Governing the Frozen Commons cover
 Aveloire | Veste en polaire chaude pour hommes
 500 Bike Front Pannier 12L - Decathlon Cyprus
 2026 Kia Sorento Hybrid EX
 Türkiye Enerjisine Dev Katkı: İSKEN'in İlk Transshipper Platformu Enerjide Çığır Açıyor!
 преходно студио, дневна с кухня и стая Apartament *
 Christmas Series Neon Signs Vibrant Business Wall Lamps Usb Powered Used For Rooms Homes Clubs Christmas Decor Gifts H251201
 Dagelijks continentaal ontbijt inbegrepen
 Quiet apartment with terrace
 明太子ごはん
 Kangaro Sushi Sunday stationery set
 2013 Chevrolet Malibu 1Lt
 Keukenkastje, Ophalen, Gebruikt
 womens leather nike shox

++++++

Every line from the one containing "500 Bike Front" to the end of the entries must be set down exactly, with none omitted and none added.

| Task response |
 500 Bike Front Pannier 12L - Decathlon Cyprus
 2026 Kia Sorento Hybrid EX
 Türkiye Enerjisine Dev Katkı: İSKEN'in İlk Transshipper Platformu Enerjide Çığır Açıyor!
 преходно студио, дневна с кухня и стая Apartament *
 Christmas Series Neon Signs Vibrant Business Wall Lamps Usb Powered Used For Rooms Homes Clubs Christmas Decor Gifts H251201
 Dagelijks continentaal ontbijt inbegrepen
 Quiet apartment with terrace
 明太子ごはん
 Kangaro Sushi Sunday stationery set
 2013 Chevrolet Malibu 1Lt
 Keukenkastje, Ophalen, Gebruikt
 womens leather nike shox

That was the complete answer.